[Opening DATA SUPPLIED section]
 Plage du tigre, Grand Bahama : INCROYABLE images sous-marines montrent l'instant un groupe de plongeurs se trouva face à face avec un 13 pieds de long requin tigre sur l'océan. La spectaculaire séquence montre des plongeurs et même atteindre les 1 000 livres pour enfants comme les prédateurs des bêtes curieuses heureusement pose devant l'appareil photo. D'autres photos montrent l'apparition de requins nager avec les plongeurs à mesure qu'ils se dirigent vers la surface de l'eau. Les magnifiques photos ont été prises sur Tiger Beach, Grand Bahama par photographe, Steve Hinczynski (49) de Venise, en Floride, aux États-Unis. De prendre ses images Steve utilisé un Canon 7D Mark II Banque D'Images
[Closing DATA SUPPLIED section]
[Opening DATA SUPPLIED section]
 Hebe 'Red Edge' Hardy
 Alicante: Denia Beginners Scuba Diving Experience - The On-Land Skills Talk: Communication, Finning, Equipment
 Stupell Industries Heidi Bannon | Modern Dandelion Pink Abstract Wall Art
[Closing DATA SUPPLIED section]
BRIEF = Above are the records. Copy the lines beginning at the one that has "Alicante: Denia Beginners" and ending with the one that has "Stupell Industries Heidi", unchanged.

SOLUTION TO THE EXERCISE =
 Alicante: Denia Beginners Scuba Diving Experience - The On-Land Skills Talk: Communication, Finning, Equipment
 Stupell Industries Heidi Bannon | Modern Dandelion Pink Abstract Wall Art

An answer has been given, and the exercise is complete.